For everyone working on Marx and the global reception of Marx, please consider contributing a paper to my proposed seminar "Reading Marx globally" at the annual meeting of the American Comparative Literature Association (ACLA), March 16-19, 2023 in Chicago, IL
“In place of the old local and national seclusion and self-sufficiency, we have intercourse in every direction, universal inter-dependence of nations. And as in material, so also in intellectual production. The intellectual creations of individual nations become common property. National one-sidedness and narrow-mindedness become more and more impossible, and from the numerous national and local literatures, there arises a world literature.” (Manifesto of the Communist Party)
Marx conceptualized capitalism in relation to the global, and readings of Marx have had lasting political, economic, and intellectual consequences all over the world. At the same time, the global character of Marx’s thought has always been problematic. On the one hand, Marx and Marxism represent a certain displacement of Eurocentrism, on the other hand, they remain restricted by it. This tension is already present in the famous opening of the Manifesto, which imagines a global reader when unfolding the principles of communism “in the face of the whole world,” while the specter’s haunting ground remains decidedly European. As Cedric Robinson put it, “Eurocentrism [...] worked to constrict Marx’s imaginary,” leading to Marxism’s “profound but ambiguous indebtedness to Western Civilization” (Robinson, 1983). This ambiguity, however, also makes for the continuous necessity of asking “the question of global Marxism” (Spivak, 2018) and opens the possibility of rethinking the Marxist critique of political economy in terms of a new “ecological imperative” (Spivak, 1999).
This seminar explores the problem of the global in Marx and traces the global trajectories of Marxian and Marxist thought from the 19th century to the present.

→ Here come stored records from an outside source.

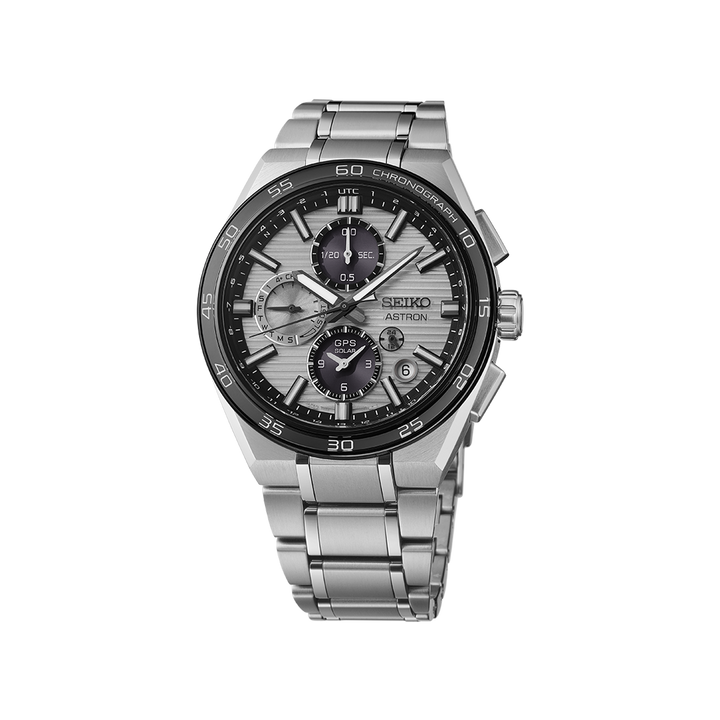 Astron GPS Solar Dual-Time Chronograph in Silvery Grey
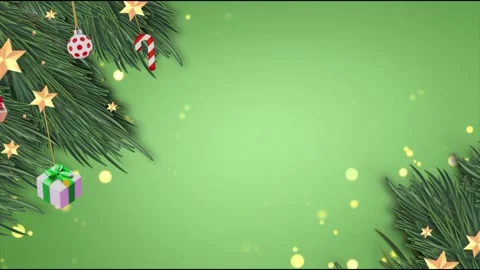 Christmas Green Background with Pine Branches and Ornaments Frame Stock-Footage 320274267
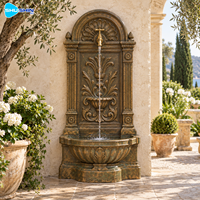 Fontaine murale classique en bronze, sculpture antique en laiton et cuivre, élément aquatique personnalisé pour hôtel, villa, jardin, cour, place publique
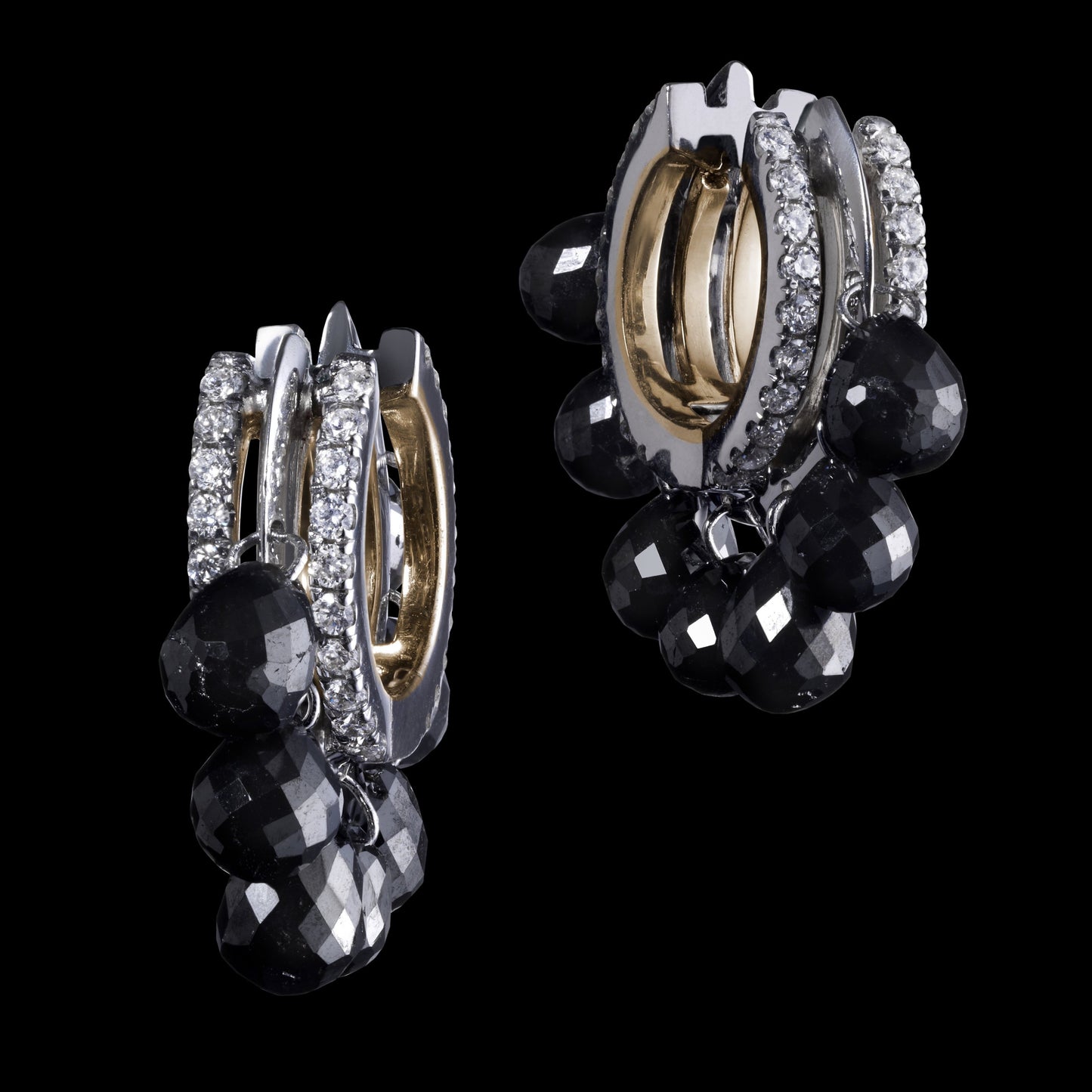 Black Diamond Briolette Hoop Earrings - Alexandra Mor online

We invite participants to explore the Marxist corpus as a part of world literature, and the problem of the global in Marx as a problem of reading. What would a “new and variously globalized politics of reading” (Spivak, 1999) look like vis-à-vis the Marxist text? In an age of planetary financialization, climate disaster, and resurgent nationalism, what does it mean to read Marx “in the face of the world,” to borrow the Manifesto’s phrasing? Last but not least, what are the politics of translating Marx and reading Marx in translation?
Topics include but are not limited to the following:
- Critical readings of the global and its limits in Marx and Marxism
- The global reception of Marx, especially in the “global South”
- Marx in translation
- Subalternity and Marxism
- Black Marxism
- Indigenous critiques of Marx and Marxism
- Postcolonial readings of Marx
- Marxism, (anti-)colonialism, and (anti-)imperialism
- Intersections of class, caste, and race in Marxist and post-Marxist thought
- Displacements of the rural-urban dichotomy
- Marxism and non-Western feminism
- Theories of racial capitalism
- Modifications of Marx’ primitive accumulation thesis
- Marxist theories of world literature
- Marxism and ecology
Format: Applications from all career stages are welcome, from graduate students to early career to established scholars.
Application: You must apply through the ACLA Application Portal. The seminar application consists of submitting the title, an abstract of your proposed contribution, and a short bio.